Set down the listing below verbatim, but only from its first line through the line containing "smiling tooth model".

——

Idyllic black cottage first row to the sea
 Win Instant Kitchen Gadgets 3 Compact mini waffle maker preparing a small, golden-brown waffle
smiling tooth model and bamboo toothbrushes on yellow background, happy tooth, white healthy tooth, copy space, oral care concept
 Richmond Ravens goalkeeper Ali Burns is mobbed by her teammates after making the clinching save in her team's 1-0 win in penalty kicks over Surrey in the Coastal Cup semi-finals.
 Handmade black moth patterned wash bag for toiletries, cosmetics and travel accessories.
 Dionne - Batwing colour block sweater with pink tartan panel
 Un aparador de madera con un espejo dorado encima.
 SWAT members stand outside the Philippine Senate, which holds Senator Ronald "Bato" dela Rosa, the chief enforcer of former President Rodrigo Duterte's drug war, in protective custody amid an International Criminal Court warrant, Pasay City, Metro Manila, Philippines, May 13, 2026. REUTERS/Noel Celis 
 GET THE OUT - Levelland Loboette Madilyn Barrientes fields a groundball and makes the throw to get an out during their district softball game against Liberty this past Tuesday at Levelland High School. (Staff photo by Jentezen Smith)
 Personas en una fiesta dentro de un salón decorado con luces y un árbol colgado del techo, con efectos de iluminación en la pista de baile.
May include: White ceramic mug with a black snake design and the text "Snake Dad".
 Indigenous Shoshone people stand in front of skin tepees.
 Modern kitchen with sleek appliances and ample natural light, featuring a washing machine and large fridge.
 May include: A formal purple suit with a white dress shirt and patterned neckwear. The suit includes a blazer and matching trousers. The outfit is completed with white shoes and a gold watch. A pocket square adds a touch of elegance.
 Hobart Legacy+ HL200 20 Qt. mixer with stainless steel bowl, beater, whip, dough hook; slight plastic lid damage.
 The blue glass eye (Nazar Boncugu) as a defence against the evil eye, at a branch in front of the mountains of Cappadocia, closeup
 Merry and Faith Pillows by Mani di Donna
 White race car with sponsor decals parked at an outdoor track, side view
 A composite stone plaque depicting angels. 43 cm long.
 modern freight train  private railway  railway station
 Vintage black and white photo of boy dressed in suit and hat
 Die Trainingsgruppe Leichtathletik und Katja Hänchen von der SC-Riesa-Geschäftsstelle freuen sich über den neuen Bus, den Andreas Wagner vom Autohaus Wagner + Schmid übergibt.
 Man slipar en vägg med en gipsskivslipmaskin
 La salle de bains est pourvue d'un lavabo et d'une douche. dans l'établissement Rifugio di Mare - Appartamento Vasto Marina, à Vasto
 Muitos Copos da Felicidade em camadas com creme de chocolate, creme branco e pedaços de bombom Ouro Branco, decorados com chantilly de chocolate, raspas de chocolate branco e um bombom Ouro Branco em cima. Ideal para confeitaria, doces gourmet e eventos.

——

Task output:
Idyllic black cottage first row to the sea
 Win Instant Kitchen Gadgets 3 Compact mini waffle maker preparing a small, golden-brown waffle
smiling tooth model and bamboo toothbrushes on yellow background, happy tooth, white healthy tooth, copy space, oral care concept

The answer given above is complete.